Janusz Olejniczak was born on October 2, 1952, in Wrocław. He began studying piano at age six in Łódź. After moving to Warsaw, he was taught by Luiza Walewska. Then from 1967 to 1969, he studied under Ryszard Bakst and Zbigniew Drzewiecki. In 1970 he won Sixth Prize at the 8th International Fryderyk Chopin Piano Competition in Warsaw, and since that time has been a highly regarded interpreter of Chopin’s music. He continued his studies from 1971 to 1973 in Paris with Konstanty Schmaeling and Witold Małcużyński. In 1972 he won a prize at the Alfredo Caselli piano competition in Naples. Olejniczak then completed his education with Barbara Hesse-Bukowska at the State College of Music in Warsaw, and pursued post-graduate studies with Victor Merzhanov, in Warsaw, and Paul Badura-Skoda in Essen. In recognition of his outstanding musical achievements, Janusz Olejniczak received the Officer’s Cross of the Polonia Restituta in 2000 and the Gloria Artis Gold Medal in 2005. He was appointed to the Programme Committee of the Fryderyk Chopin Institute in December 2003.

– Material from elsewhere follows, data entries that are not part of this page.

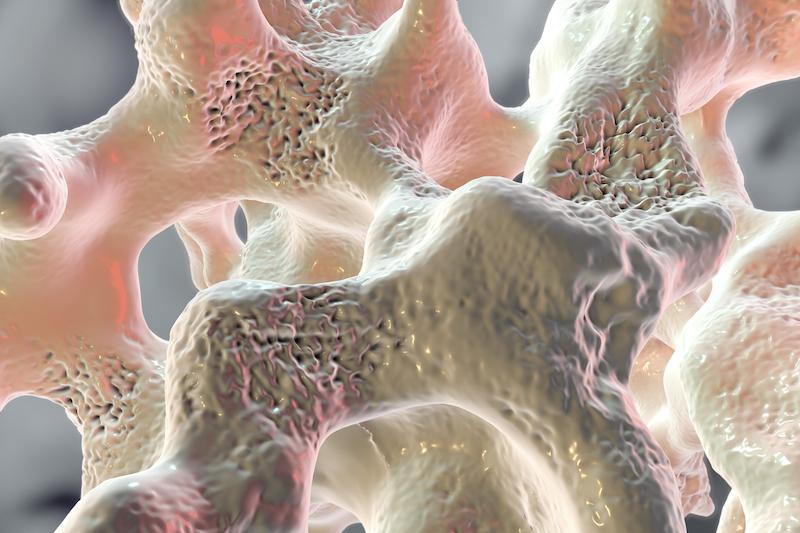 Ostéoporose : 2 gènes responsables avec une nouvelle techniques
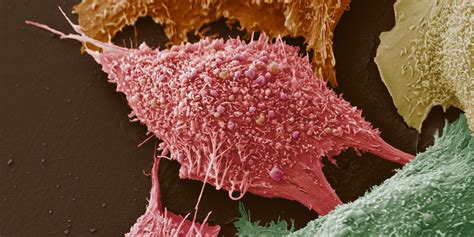 What do cancer cells eat? | eLife Science Digests | eLife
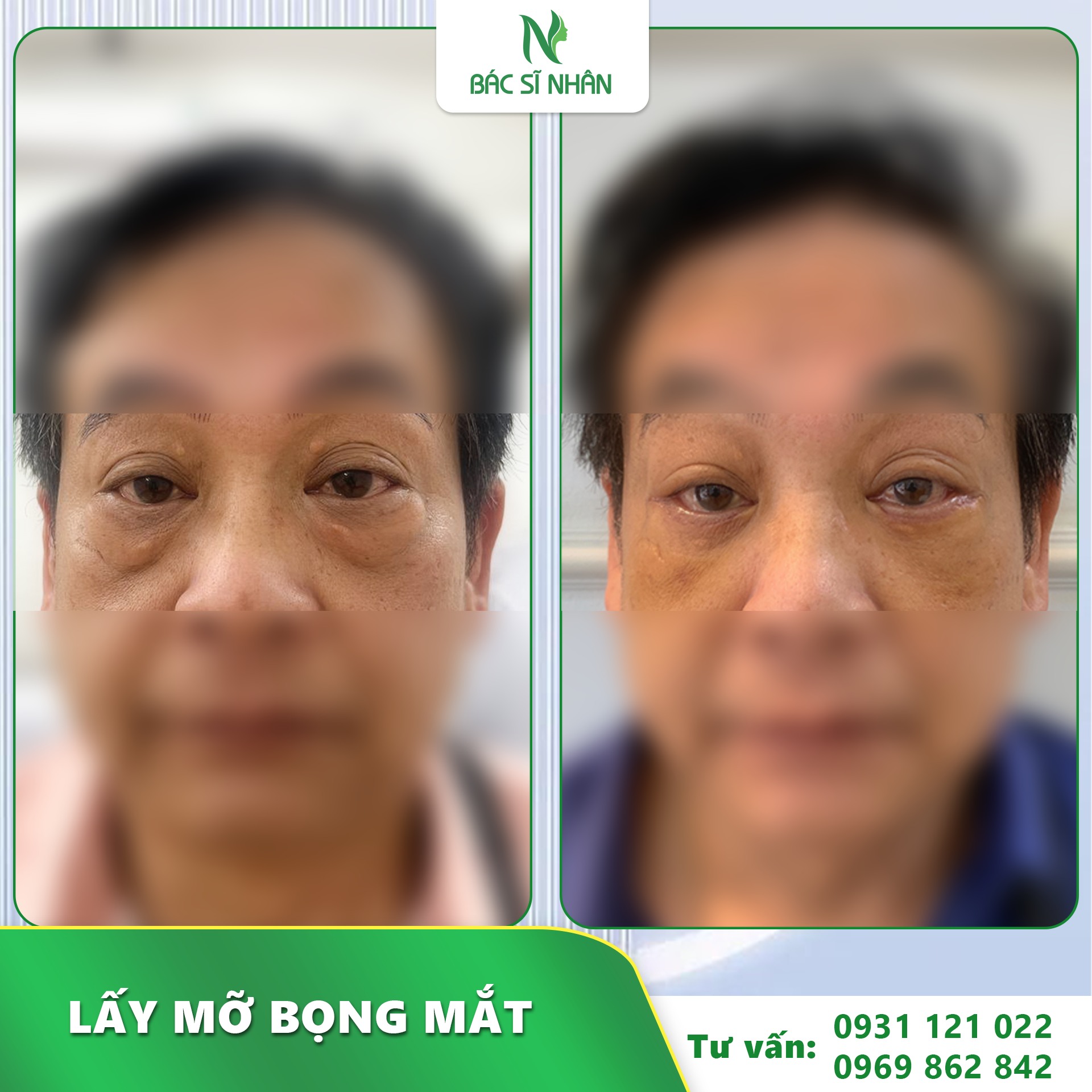 MỠ BỌNG MẮT LÀ GÌ?  PHƯƠNG PHÁP KHẮC PHỤC HIỆU QUẢ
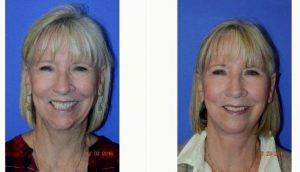 57 Year Old Woman Treated With Facelift And Fat Transfer With Dr. Walton Montegut, MD, Newport Beach Physician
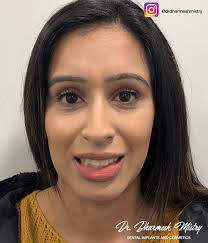 THE VB• 'Dr Dee, Here's a picture of my new smile! Thank you so much' One  of patients from Manchester who we have treated with complete replacement  dentures. That's right she has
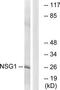 Neuronal Vesicle Trafficking Associated 1 antibody, TA315360, Origene, Western Blot image 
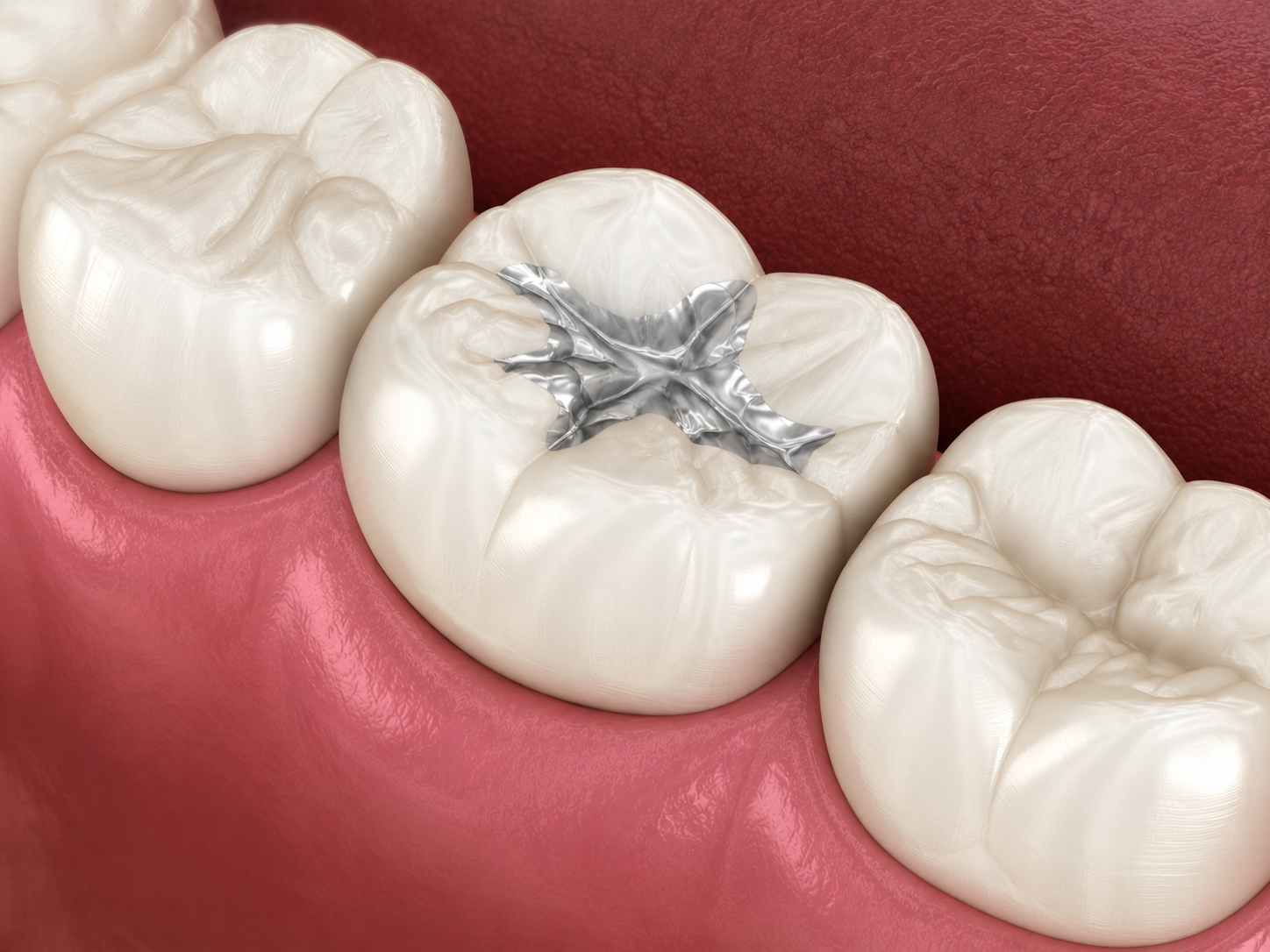 Close-up of molars with a silver dental filling on pink gums
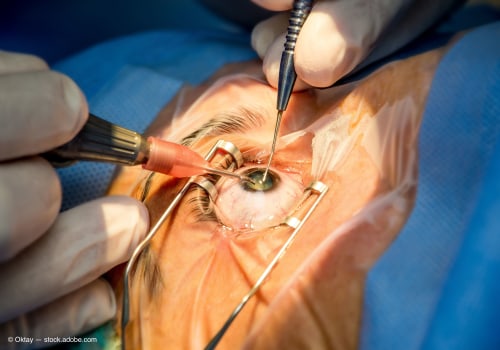 The Latest and Most Advanced Method for Cataract Surgery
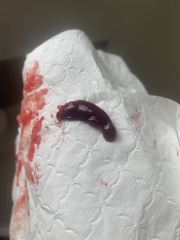 Miscarriage or period clot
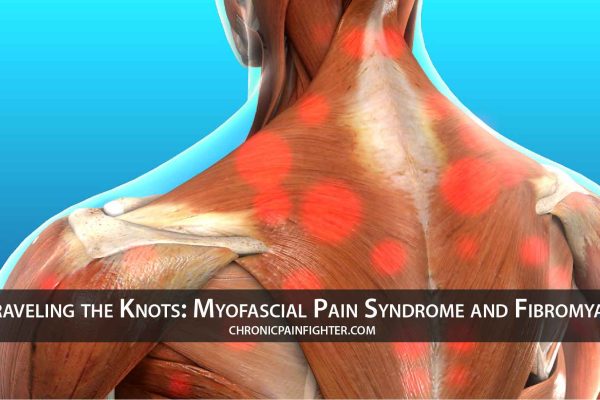 Unraveling the Knots: Myofascial Pain Syndrome and Fibromyalgia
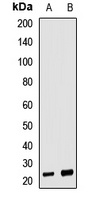 Anti-Neurotrophin 4 Antibody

Olejniczak has recorded two discs released by the Fryderyk Chopin Institute in the series The Real Chopin. His albums have won four Fryderyk awards from the Polish phonographic industry and the Album of the Year Award in 1995 from the magazine Studio. Chopin’s music fascinates Olejniczak, he has described its character as, “A bird of paradise, which keeps slipping through your hands. Only occasionally do you succeed in grasping its essence, in getting close to it. It offers limitless possibilities for interpretation, allows you to pursue continual work on your own aesthetic, on shaping your tastes, and to arrive at a different perspective on the same work – an individual and continually new approach. In Chopin’s music, there is something that makes you want to play the same passage differently every time, to sculpt the same phrase over again. When performing Chopin’s works, you need an integral conception. But I forge the final creative vision while playing. My humility with regard to Chopin prevents me from adopting a single version, from stating that a particular passage is absolutely the best in that very form. So I continually have to try again.”

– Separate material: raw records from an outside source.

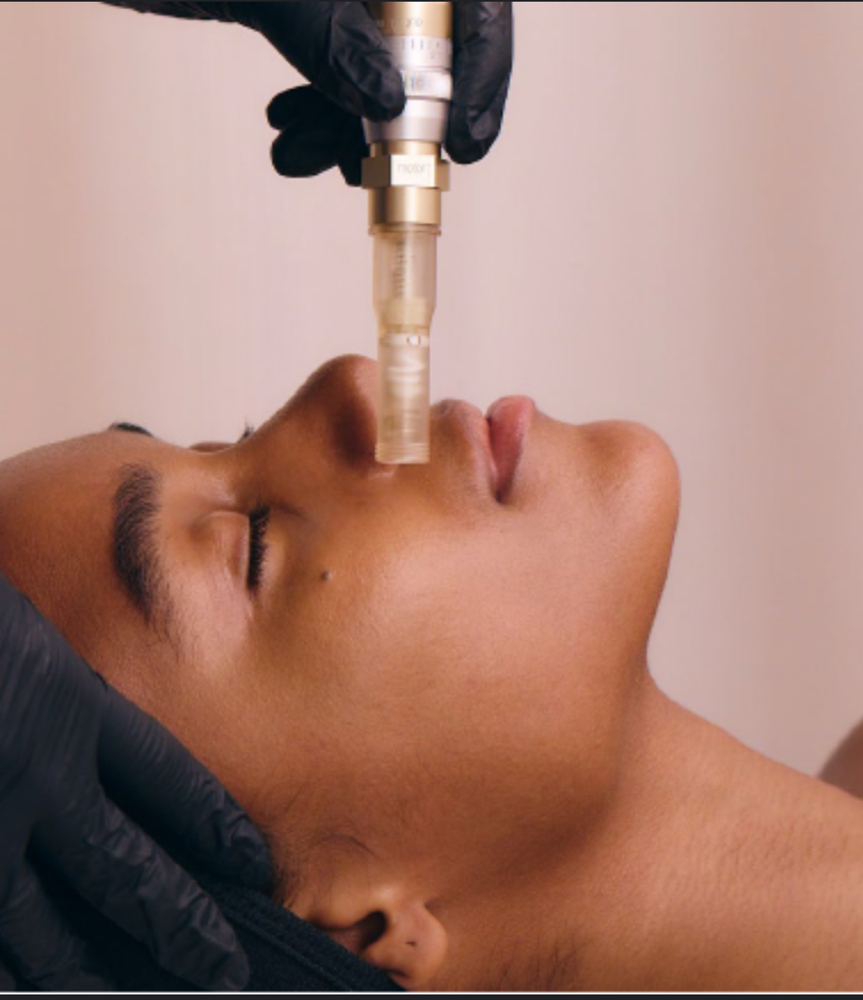 Nano- Needling at Indulgence Beauty LLC in Tacoma, WA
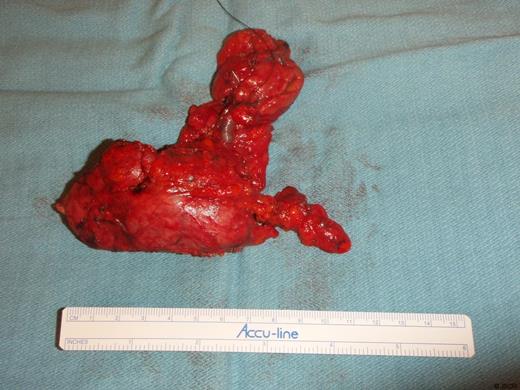 Dissected R. glomus vagale tumour.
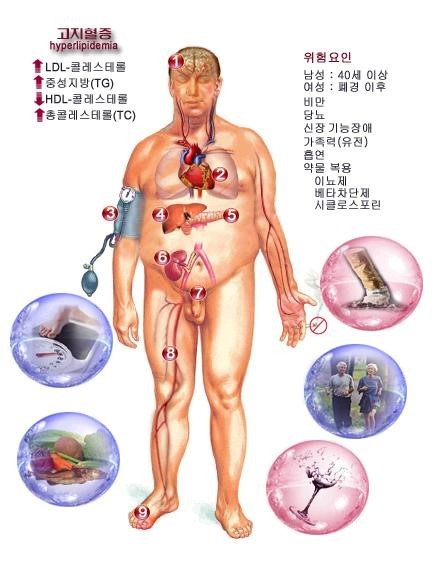 고지혈증0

Tomasz Strahl graduated in 1989 from the cello studio of the Chopin Music Academy in Warsaw under Kazimierz Michalik and studied chamber music with violinist Krzysztof Jakowicz. He continued his studies with Tobias Kühne at the Hochschule für Musik und Darstellende Kunst in Vienna. Strahl received 1st Prize at the Academic Cello Competition in Warsaw in 1987 and 1st Prize at the 5th Nicanor Zabaleta International Music Competition in San Sebastián in 1991. In 1993, he performed Witold Lutosławski's Cello Concerto for the composer and has appeared at the prestigious Brucknerhaus in Linz. In 1994 he received a grant from the Polish-Japanese Foundation JESC. Strahl received the title of Professor in June 2001 and the Golden Cross of Merit in 2002. In 2005 he gave a series of lectures and concerts at the prestigious International Academy Vienna-Prague-Budapest. Strahl received the Fryderyk Prize of the Polish recording industry in 2003. He currently serves as a professor of cello at the Music Academies in Warsaw and Łódż.